I first came across this story a few months ago. One of the Jewish groups I am a member of on Facebook, posted a link to a video that was described as showing a few moments in a Polish shtetl on the eve of World War II. I clicked on the link, watched the video and promptly almost burst out in tears at my desk. I’ve watched my share of documentaries on the atrocities of the Nazi genocide and both “Schindler’s List” and “The Pianist” made me cry so hard that I had given myself migraines. So I thought myself if not immune, then at least somewhat stronger in what I can handle. It’s an entirely different experience to watch the dead when they are visibly dead. It’s heartbreaking. It’s monstrous. But you CAN’T do a thing about it. It’s a whole other kind of hell to watch happy people crowding around a camera hoping to see what’s going on, hoping to get on film, or completely oblivious of the fact that a camera is recording their every moves knowing that within a number of years that one can count on a single hand most of them would be murdered. How do you reconcile the knowledge of the end with visions of mundane times? And then while indulging in my weekly search for a new book to read through my library, I stumbled on Glenn Kurtz’s ” Three Minutes in Poland,” the book spawn of the film. I will honestly admit that I was crying while still reading the intro. This was some feat as I began reading it while commuting to work on a local train and local train ride is not a place where one wants to admit vulnerability.

The story
So how does a film strip translate into a book? In 2009 Glenn Kurtz stumbles on a film of his grandparents’ long ago European vacation while going through stored items at his parents’ house in Florida. Amongst such popular European tourist “traps” as Paris and Switzerland, for merely a day in 1938 David and Lena (Liza) Kurtz visit a Polish town Nasielsk where David was born in the late 1880s and shoot three short minutes in a life of the largely Jewish shtetl a mere year before the Nazi occupation. Its three minutes of sweeping panoramic views of the town’s pride and joy, the synagogue, three minutes of children jumping into the screen, three minutes of people going about their day oblivious to the camera, never in the know what is just around the corner.  Kurtz, however, is not oblivious to the significance of the film and gets in touch with the Holocaust Museum in DC to get the film restored and documented as part of the Steven Spielberg Video and Film archive. The entirety of the 14 minute film (both in color and black-and-white) including the 3 minutes in Poland are now available for view at the United States Holocaust Museum in Washington DC and can be viewed at this link. The David Kurtz Collection </a

The story could have ended there but in fact it was just the beginning. A granddaughter of a Nasielsk man viewed the video and recognized her grandfather in a thirteen year full faced boy angling for screen time in several separate moments of the film. She got in touch with the Holocaust Museum and eventually Kurtz himself. This discovery took him away from the novel he was trying to write and sent him in a multi-year and multi continent search (even into the bitch of a Polish irrigation ditch) to learn about Nasielsk, to tell as many stories of the Nasielskers still alive and to identify as many people in the film as possible and tell their stories. In the course of the search we meet Morry, Grace, Lesley and others, the few remaining Holocaust survivors of the 80 Jews from the 3,000 strong Jewish community. From some Kurtz learns about Orthodox childhood in a Jewish town. From others he learns gossip from the long ago. From most he learns about their survival in the sea of death. And to all of them Kurtz brings back painful memories while putting them once more face to photo with their neighbors, friends, and parents for the first time since 1939.
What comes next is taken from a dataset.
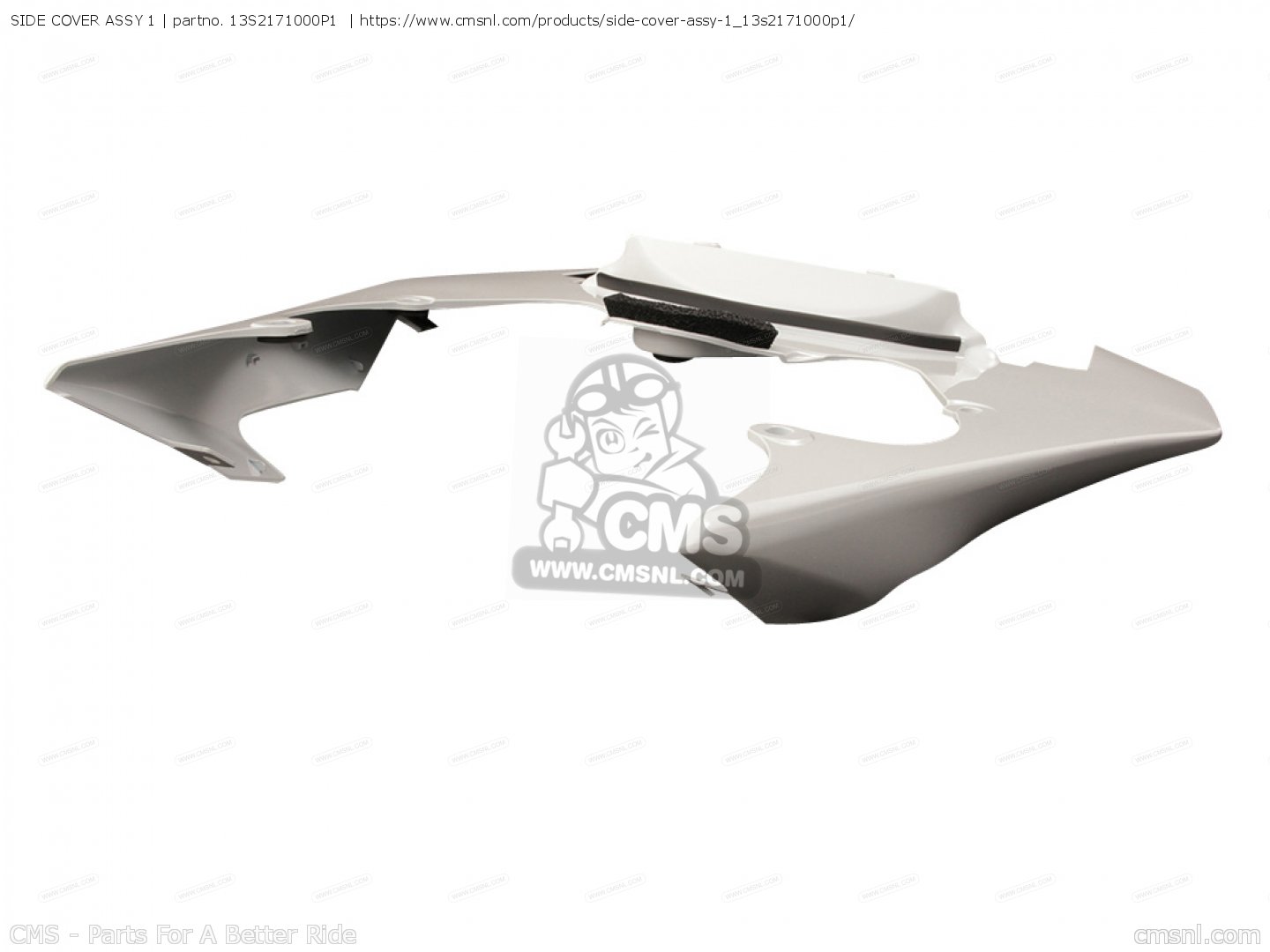 SIDE COVER ASSY 1 for Yamaha - order at CMSNL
Lessons of “Three Minutes”
So. I loved this book. I didn’t want to stop reading it. I cried. I smiled. I cried again. And I was filled with love for my people and their strength. This book was a bright light from the time of shadows. It made me once again consider the miracle of my grandparents’ survival. Like some of the Nasielskers, my maternal grandparents were evacuated from their homes to other lands, in their case, Central Asia where they eventually met each other. And like some others, my paternal grandparents spent the war years in the ghetto but were saved by the miracle of geographic chance. They were lucky and here I am. The times for the Jews are once again trying. Anti-Semitism is not eradicated. There is still plenty of hate and violence. This is why it is important to remember these stories, and to give them life. Kurtz says “It’s going back and saying, Yes, there was a world.” This is the world that we must remember, honor and cherish. This is the world of Nasielsk, of Shargorod, of Warsaw, of Vilna, of Kiev. As a child of survivors and the heir of those that made it and those that did not, it is my responsibility to share their story. And in the trying times of today when a Jewish fraternity in my alma mater, UC Davis, gets defaced by swastikas, when a kosher supermarket in Paris gets attacked and people within are killed because of who they are, I must stand up and say along with Kurtz, “In a place where there is no person to make a difference, strive to be that person.”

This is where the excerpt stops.